▶ **Task objective**
Using the records that appear below, write out exactly the lines from the one with "İBB soruşturmasında 14" through the one with "Recambio de soporte", keeping both end lines.

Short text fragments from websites

____

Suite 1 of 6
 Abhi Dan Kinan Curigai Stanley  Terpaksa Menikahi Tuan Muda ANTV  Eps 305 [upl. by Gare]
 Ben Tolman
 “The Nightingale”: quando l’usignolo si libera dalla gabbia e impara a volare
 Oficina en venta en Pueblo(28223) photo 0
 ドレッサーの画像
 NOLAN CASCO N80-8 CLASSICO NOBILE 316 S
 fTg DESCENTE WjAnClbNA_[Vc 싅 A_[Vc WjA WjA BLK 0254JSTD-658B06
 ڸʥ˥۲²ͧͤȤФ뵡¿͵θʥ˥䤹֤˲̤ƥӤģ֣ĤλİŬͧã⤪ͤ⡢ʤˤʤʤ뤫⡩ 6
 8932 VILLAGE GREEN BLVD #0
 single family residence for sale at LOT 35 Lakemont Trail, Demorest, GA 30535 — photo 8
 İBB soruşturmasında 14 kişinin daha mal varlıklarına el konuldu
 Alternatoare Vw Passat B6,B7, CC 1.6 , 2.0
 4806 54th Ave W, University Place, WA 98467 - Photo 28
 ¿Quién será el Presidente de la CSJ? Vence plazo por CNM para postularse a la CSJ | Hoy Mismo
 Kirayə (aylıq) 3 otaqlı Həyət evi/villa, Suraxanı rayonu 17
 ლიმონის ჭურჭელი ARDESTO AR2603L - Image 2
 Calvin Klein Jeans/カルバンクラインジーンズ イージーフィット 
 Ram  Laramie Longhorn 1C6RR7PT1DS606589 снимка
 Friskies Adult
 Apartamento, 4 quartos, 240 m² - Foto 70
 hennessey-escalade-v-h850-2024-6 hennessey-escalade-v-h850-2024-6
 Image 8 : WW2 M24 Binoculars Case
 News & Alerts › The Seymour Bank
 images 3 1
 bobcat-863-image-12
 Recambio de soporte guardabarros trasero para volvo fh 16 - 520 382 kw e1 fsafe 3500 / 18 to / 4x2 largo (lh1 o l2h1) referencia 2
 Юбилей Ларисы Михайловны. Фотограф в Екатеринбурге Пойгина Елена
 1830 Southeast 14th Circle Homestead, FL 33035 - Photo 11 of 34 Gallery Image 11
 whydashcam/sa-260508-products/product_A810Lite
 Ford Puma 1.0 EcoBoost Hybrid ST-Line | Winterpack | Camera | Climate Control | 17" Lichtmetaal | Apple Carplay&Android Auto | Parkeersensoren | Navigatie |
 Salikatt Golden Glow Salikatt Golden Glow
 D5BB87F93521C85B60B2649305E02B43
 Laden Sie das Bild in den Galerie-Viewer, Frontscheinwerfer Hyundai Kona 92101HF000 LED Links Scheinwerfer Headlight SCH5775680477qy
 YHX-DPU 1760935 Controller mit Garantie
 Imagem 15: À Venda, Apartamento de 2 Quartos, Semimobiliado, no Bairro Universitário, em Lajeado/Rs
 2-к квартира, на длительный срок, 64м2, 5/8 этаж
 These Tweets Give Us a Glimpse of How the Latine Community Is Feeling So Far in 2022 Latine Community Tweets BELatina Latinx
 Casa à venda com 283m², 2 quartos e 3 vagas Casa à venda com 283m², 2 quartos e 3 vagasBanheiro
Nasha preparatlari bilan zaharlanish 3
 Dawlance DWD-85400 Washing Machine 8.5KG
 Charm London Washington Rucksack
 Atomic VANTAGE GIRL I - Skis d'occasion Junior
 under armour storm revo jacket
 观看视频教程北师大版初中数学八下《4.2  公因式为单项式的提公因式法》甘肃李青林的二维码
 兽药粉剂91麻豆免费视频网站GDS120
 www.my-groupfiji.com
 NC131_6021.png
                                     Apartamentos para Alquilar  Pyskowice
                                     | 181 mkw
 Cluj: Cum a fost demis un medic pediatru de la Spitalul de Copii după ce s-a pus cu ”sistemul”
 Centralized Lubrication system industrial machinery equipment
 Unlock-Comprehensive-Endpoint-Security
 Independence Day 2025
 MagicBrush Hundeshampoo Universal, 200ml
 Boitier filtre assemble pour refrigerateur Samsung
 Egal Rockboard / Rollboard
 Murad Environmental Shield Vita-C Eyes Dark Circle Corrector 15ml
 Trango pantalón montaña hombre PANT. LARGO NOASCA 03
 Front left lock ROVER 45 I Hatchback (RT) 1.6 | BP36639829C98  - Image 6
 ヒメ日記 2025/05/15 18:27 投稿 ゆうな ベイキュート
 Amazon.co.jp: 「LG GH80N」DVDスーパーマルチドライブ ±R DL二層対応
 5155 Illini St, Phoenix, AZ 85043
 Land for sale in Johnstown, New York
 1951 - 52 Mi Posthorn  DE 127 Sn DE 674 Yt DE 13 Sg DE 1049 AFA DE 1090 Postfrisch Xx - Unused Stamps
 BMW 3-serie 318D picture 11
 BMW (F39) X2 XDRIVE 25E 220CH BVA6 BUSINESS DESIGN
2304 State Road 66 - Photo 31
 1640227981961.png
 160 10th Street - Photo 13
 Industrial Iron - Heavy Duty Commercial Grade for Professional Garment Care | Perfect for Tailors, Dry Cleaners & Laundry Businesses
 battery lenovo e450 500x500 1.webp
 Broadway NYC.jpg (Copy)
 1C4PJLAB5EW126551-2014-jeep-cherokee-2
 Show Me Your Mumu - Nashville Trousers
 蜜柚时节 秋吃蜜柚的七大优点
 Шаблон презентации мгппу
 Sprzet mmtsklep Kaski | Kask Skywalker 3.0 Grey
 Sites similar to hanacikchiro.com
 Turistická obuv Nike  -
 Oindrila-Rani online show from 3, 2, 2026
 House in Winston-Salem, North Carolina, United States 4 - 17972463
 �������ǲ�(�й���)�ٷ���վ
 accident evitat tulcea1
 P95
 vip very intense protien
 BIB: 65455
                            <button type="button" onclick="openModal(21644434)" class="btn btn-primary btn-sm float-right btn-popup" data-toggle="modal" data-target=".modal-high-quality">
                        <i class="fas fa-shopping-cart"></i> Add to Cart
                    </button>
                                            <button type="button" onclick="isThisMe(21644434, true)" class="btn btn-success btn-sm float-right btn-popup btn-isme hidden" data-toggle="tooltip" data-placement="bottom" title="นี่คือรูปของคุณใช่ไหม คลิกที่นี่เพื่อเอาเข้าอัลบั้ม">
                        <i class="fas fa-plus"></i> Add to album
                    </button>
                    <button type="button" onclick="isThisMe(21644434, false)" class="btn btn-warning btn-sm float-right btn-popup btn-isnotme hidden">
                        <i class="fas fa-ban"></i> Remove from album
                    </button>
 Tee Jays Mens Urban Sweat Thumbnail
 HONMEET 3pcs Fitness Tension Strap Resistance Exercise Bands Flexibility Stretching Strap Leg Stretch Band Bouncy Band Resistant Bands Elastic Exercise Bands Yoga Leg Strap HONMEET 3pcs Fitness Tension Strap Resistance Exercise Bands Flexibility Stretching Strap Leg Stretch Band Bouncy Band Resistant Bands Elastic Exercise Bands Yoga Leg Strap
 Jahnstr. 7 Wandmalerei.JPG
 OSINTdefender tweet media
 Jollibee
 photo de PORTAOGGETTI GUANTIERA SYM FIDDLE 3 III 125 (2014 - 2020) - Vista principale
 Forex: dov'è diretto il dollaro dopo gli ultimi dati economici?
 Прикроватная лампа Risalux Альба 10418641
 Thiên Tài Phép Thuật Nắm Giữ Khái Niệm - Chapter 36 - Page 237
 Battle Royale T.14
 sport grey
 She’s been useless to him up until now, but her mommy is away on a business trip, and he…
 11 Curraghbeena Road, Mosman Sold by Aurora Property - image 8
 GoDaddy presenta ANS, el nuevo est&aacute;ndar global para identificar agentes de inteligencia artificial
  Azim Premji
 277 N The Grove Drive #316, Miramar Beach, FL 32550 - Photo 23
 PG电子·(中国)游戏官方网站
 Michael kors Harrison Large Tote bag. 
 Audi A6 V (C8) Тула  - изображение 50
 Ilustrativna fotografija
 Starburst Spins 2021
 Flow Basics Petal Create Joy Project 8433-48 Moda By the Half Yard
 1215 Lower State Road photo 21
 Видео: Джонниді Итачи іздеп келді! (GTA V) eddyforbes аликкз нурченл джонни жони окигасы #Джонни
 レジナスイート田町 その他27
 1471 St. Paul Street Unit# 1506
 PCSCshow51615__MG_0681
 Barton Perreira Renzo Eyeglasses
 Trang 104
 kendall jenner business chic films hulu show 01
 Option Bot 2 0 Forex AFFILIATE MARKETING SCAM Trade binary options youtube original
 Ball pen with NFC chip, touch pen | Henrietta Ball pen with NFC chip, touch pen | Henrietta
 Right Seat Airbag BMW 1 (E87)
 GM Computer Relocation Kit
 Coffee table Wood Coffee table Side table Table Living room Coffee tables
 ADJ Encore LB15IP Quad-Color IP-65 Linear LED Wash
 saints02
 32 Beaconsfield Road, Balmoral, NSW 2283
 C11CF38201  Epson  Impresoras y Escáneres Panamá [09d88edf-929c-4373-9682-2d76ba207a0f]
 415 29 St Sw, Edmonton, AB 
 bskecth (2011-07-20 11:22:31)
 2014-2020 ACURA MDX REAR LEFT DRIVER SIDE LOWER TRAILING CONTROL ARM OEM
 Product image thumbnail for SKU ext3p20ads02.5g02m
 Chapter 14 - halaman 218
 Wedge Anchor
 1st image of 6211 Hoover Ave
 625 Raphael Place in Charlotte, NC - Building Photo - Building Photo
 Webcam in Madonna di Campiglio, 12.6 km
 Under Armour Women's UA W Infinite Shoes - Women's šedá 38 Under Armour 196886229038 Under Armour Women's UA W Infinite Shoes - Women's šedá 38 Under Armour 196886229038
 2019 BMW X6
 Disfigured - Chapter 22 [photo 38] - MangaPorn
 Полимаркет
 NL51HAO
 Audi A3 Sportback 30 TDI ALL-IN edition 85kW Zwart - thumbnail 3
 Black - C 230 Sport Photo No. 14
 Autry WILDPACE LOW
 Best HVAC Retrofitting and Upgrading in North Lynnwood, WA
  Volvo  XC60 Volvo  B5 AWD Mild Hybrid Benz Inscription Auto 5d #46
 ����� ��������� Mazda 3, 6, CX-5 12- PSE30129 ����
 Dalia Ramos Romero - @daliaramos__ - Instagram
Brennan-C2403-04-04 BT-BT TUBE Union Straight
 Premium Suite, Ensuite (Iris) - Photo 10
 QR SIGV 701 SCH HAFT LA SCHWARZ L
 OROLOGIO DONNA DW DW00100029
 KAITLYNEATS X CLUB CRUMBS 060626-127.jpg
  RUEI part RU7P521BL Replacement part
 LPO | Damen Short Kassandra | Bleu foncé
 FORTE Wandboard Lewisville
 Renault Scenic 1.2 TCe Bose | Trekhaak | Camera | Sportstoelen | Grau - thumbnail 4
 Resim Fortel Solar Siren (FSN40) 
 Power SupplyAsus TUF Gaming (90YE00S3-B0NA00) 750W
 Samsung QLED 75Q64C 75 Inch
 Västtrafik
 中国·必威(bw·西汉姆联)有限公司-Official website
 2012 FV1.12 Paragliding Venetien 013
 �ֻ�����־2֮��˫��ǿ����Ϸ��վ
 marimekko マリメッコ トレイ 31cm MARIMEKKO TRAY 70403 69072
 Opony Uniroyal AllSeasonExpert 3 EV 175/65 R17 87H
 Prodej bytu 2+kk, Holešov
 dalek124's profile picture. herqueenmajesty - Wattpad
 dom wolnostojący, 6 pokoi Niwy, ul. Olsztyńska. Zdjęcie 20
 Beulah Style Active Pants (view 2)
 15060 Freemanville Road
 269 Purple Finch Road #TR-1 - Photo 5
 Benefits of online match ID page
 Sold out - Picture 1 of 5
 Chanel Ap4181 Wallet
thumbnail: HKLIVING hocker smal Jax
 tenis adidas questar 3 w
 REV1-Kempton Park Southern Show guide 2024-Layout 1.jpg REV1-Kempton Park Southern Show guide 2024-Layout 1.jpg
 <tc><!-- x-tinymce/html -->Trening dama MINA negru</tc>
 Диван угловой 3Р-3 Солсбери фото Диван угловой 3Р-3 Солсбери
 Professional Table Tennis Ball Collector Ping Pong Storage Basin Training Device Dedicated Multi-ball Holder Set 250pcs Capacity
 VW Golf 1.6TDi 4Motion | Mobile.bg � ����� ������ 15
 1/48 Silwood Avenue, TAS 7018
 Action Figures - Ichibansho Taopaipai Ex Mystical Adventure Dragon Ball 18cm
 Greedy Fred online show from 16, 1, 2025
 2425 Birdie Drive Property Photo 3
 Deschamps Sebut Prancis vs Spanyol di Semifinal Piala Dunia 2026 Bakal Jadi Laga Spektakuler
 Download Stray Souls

____

▶ **Answer to the exercise**
 İBB soruşturmasında 14 kişinin daha mal varlıklarına el konuldu
 Alternatoare Vw Passat B6,B7, CC 1.6 , 2.0
 4806 54th Ave W, University Place, WA 98467 - Photo 28
 ¿Quién será el Presidente de la CSJ? Vence plazo por CNM para postularse a la CSJ | Hoy Mismo
 Kirayə (aylıq) 3 otaqlı Həyət evi/villa, Suraxanı rayonu 17
 ლიმონის ჭურჭელი ARDESTO AR2603L - Image 2
 Calvin Klein Jeans/カルバンクラインジーンズ イージーフィット 
 Ram  Laramie Longhorn 1C6RR7PT1DS606589 снимка
 Friskies Adult
 Apartamento, 4 quartos, 240 m² - Foto 70
 hennessey-escalade-v-h850-2024-6 hennessey-escalade-v-h850-2024-6
 Image 8 : WW2 M24 Binoculars Case
 News & Alerts › The Seymour Bank
 images 3 1
 bobcat-863-image-12
 Recambio de soporte guardabarros trasero para volvo fh 16 - 520 382 kw e1 fsafe 3500 / 18 to / 4x2 largo (lh1 o l2h1) referencia 2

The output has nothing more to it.